Problem description >>
Reproduce the data below exactly. Skip the pictures.

#### The data

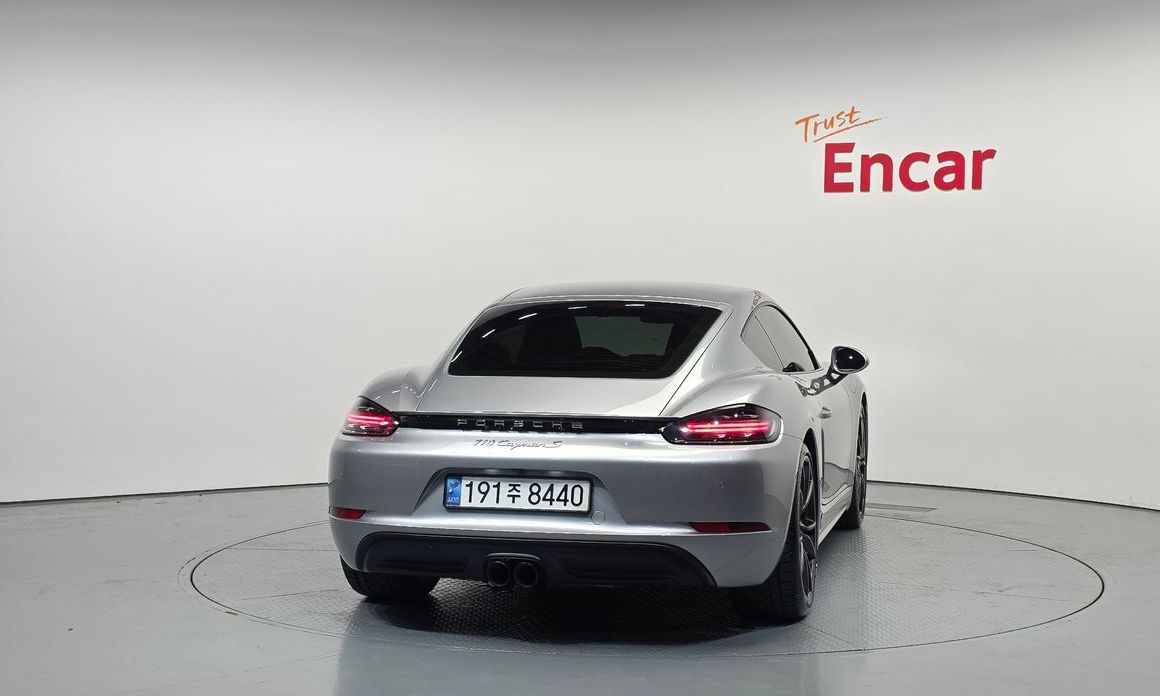 Porsche 718 2018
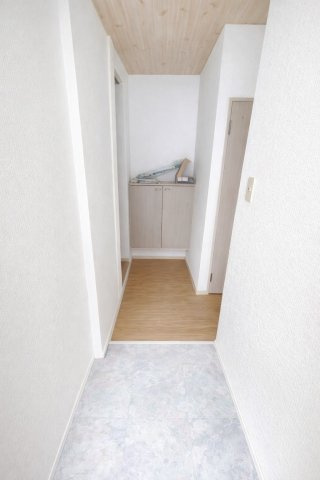 ハウスアルベルティＢの玄関|内装イメージ画像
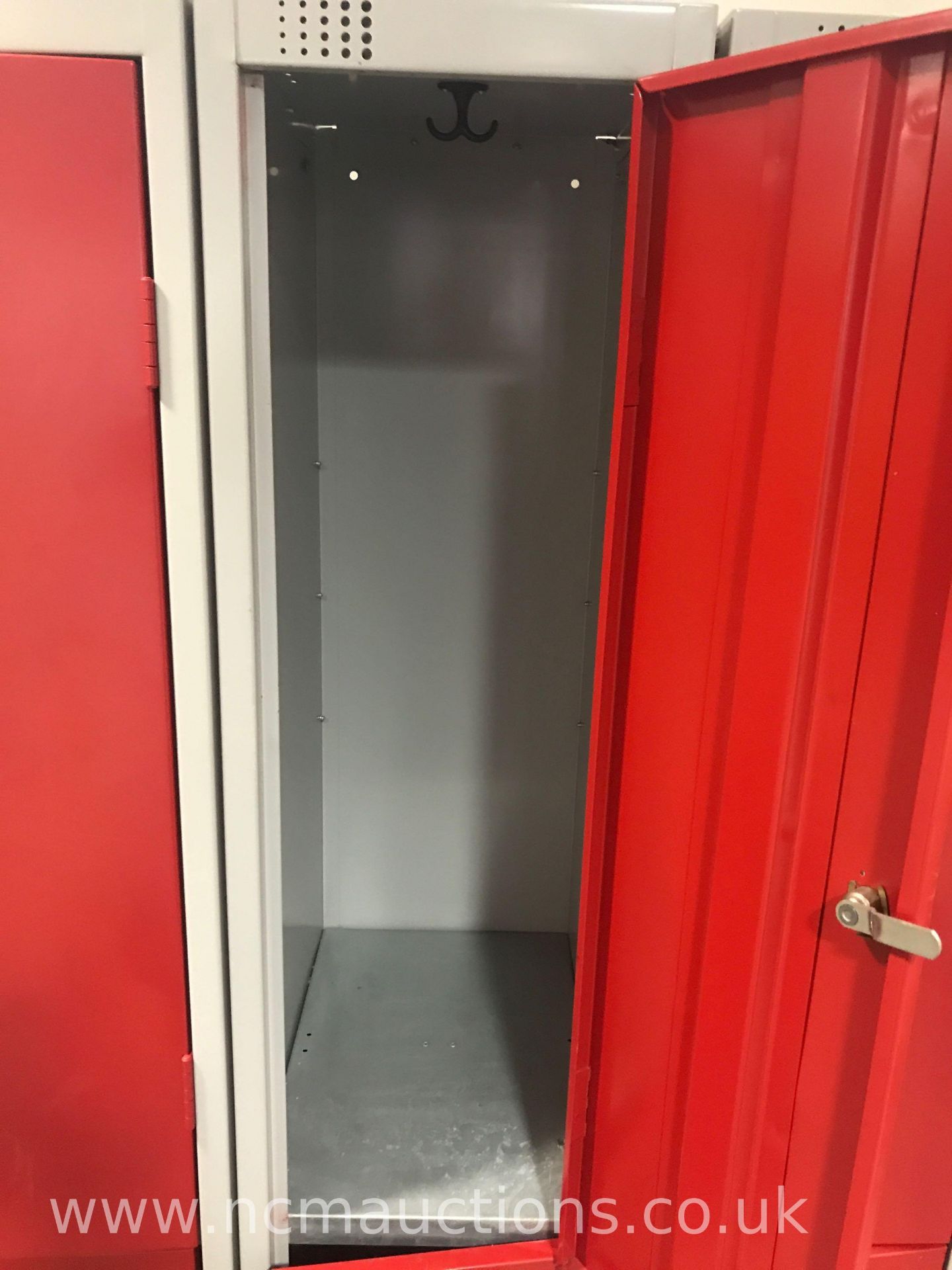 Half Door School Lockers - Image 2 of 3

########

Finished exercise >>
 Porsche 718 2018
 ハウスアルベルティＢの玄関|内装イメージ画像
 Half Door School Lockers - Image 2 of 3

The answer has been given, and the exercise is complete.